Just one example is medicated stents - and we are struggling with it on our campus at Darlinghurst, where we have both public and private hospitals.
If you have a stent put in vascularly to clear a blockage it is now proving to have enormous benefit. The more quickly it is done - the better the outcomes for patients. Now it's emerging that medicated stents may be even more effective, in that at the same time as the stent is going in, it is medicating the patient and stopping nasty things happening.
But the thing is, in the public hospital system we're not funded for that, so you don't get a medicated stent there. Where if you come into our private hospital, you can have a medicated stent because you are reimbursed for the service that you are given.
I would however like to move on to another area other than private vs public - and that is the far greater challenge we face because of the shift with technology to ambulatory care. The traditional demarcation has been that if you are really seriously crook then a hospital will look after you. Otherwise, if you see a GP that was fixed up with bulk-billing. If you needed a specialist you might go along once but if you were seriously ill you would go into hospital.
For 20 years the Medicare model that funded those things worked pretty well to cover most Australians - all those citizens eligible for Medicare.
However, we are shifting more and more to ambulatory delivery. For instance, a cancer patient, with a very serious illness carrying potentially dire outcomes, will need a whole of range procedures - radiotherapy, chemotherapy, surgery, all sorts of diagnostic tests before, during and after, pastoral care, palliative care, community support. For all those things that you need as a cancer patient -- except if you need surgery as part of your treatment -- you probably don't need to actually be admitted as an inpatient into hospital care.
The whole funding system we've got is geared to seeing the doctor if you're not too crook, or going to hospital if you are.
In fact a whole lot of medical care is delivered when you are really crook, but you don't actually get admitted in a hospital scene -- and that leads to problems of fragmentation.
Our structure, both public systems and private systems, don't address it very well. As you move back and forth into ambulatory mode, you move out of state-funded systems (that did have the potential to embrace the patient) into the more fragmented Commonwealth-funded systems of seeing doctors in their rooms. This means you are only being funded for the doctor's visit and it also means you are seeing a series of doctors, and it's not very well brought together around the patient.
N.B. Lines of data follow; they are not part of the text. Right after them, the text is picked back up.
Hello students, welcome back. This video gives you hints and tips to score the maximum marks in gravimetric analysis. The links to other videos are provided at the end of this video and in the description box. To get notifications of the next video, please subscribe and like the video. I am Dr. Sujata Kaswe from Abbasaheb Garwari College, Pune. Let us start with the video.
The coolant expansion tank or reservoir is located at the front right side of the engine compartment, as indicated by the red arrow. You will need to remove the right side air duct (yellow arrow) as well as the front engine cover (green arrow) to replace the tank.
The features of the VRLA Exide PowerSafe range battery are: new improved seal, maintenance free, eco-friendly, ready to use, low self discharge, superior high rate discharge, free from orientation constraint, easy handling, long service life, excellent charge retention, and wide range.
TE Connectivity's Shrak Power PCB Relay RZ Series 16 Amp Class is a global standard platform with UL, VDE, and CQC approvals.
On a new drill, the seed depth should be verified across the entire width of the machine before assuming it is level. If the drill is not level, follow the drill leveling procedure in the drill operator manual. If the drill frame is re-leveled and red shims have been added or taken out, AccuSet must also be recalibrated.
The other discontinuity, too, is that we are very well geared up with Medicare for treating acute illness. But we are not very well geared for the chronic illness.
All those systems we have looked at in terms of how they are financed are not addressing some fundamental issues of how best to deliver to the patient.
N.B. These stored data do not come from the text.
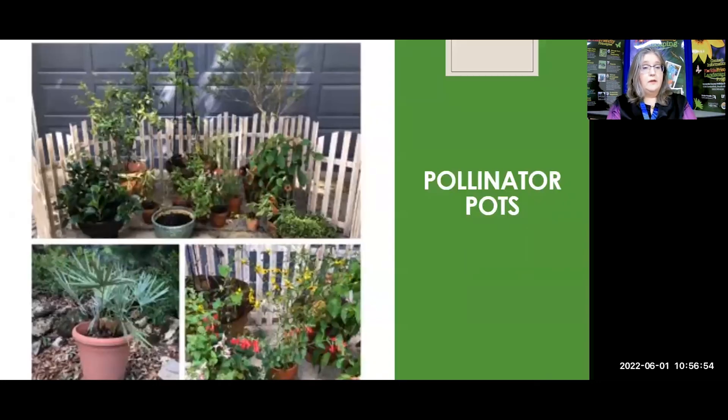If you have a small space — a patio, a balcony, or you're in a mobile home community and don't own the lot, or you live in an RV community — get some pots. Put these pollinator plants in the pots. It will still work out for you. You will still have the bees and the butterflies and you will still be doing a great service for the environment in general.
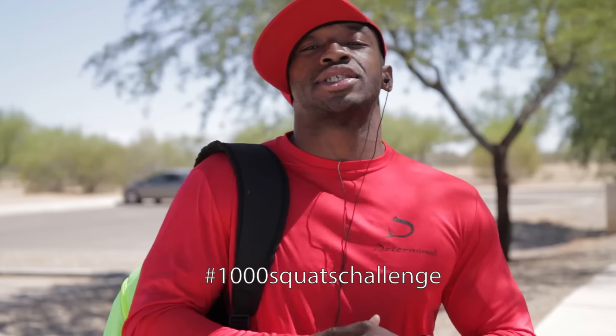Yo, what's up? This is your boy Junior, aka Smokin' Guns, out here in Tucson, Arizona. Represent the ultimate trainer. Today's video is gonna be a thousand squat challenge.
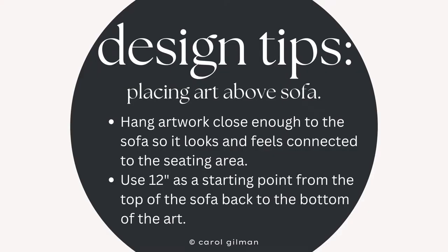When you're ready to place artwork above your sofa, here's a couple things that you can keep in mind. You want to hang the artwork close enough to the sofa so it feels connected, and you can start by using the measurement of 12 inches — 12 inches from the top of the headrest to the bottom of the artwork. Start with that.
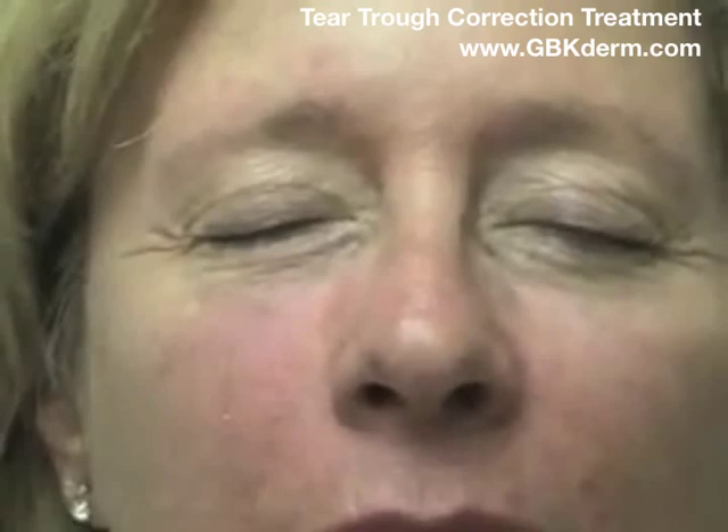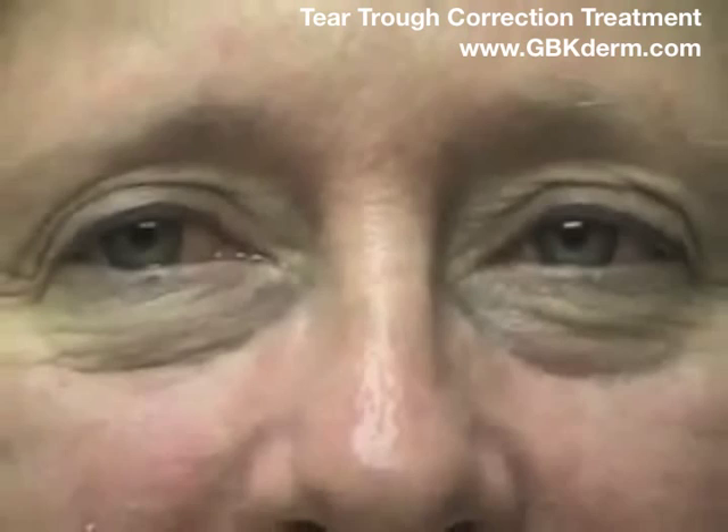Very nice. Close your eyes, please. Very nice.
I think we started to get a feel for some of the challenges in some of those vignettes that Jeff Richardson showed us towards the end of his presentation.
I think that's the subject for another excellent session such as this, on a future occasion.
So I'd like to thank our two speakers for putting some really serious work and thinking into it to present that to us today; and to congratulate the Whitlam Institute for really bringing forward today some serious, deep, tough stuff that we need to be grappling with if we're going to have a very good health system that takes us through for another good 20 years. Thank you.